The Cleveland Orchestra unleashes a beast.

By Pamela Zoslov

Published on September 20, 2001

As an 18-year-old composition student, Wolfgang Rihm received a handwritten note from his teacher, the uncompromising modern-music master Karlheinz Stockhausen. Dear Wolfgang Rihm, it began. Please only heed your inner voice. "It hung for years above my desk," Rihm later recalled. "Until the green felt-tip had begun to fade. His advice was decisive: that I should not heed the opinion of others, but rather take the risk of embarking on my own path."

A prodigy who began writing music at age 11, Rihm took his mentor's advice and became a prolific composer of evocative, deeply felt music. At 49, he is the leading representative of the German neoexpressionist movement, which emphasizes intense emotion and freedom from rigid forms. On Thursday, the Cleveland Orchestra will perform the U.S. premiere of Rihm's "Concerto" Dithyrambe for String Quartet and Orchestra, with the acclaimed Emerson Quartet.

The piece is so new that most orchestra employees haven't heard it yet.

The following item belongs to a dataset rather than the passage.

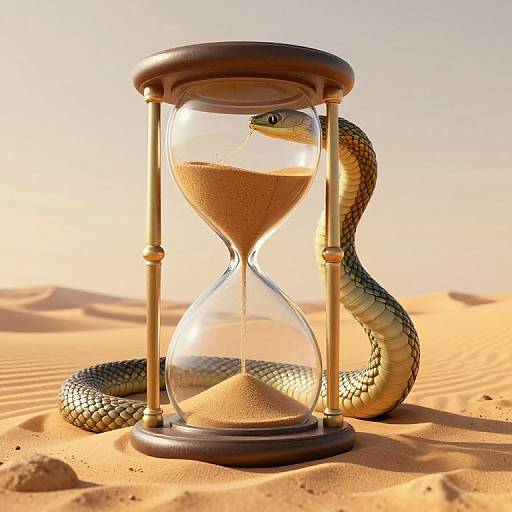 Surreal Serpentine Hourglass in Desert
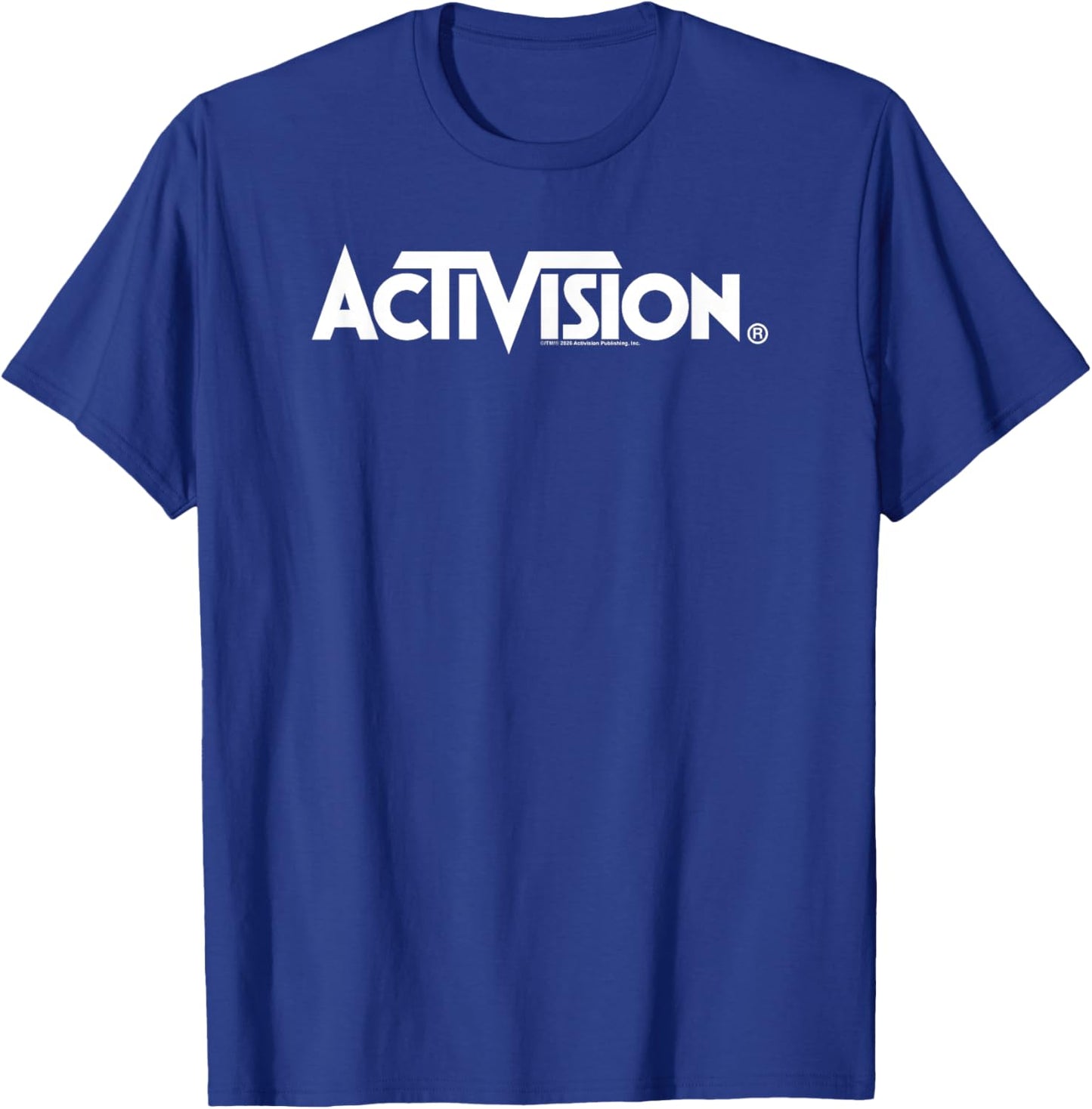 Activision Classics Vintage White Logo Text Video Game T-Shirt - T-Shirt | Royal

A translation of Rihm's cryptic description of the concerto prominently features words like "nerves" and "nervous." "I compose with nerve ends," Rihm writes, "not only with the pencil." The fast, dense "Concerto" Dithyrambe dispenses with the classical concerto form and creates what he calls "a monologue of a creature with four mouths -- yes, four heads and four mouths, one beast!" To Rihm, music is a living creature.

The premiere is one of many that grace the orchestra's 2001-2002 schedule. In his 20th and final season as music director, Christoph von Dohnányi, long a champion of 20th-century music, has programmed an exhilarating lineup of U.S. and world premieres, including works by Mark-Anthony Turnage and Harrison Birtwistle. The Thursday and Saturday programs also include Witold Lutoslawski's dark, intense Musique funèbre and -- for those who still fear the shock of the new -- Beethoven's safe, reliable Symphony No. 5.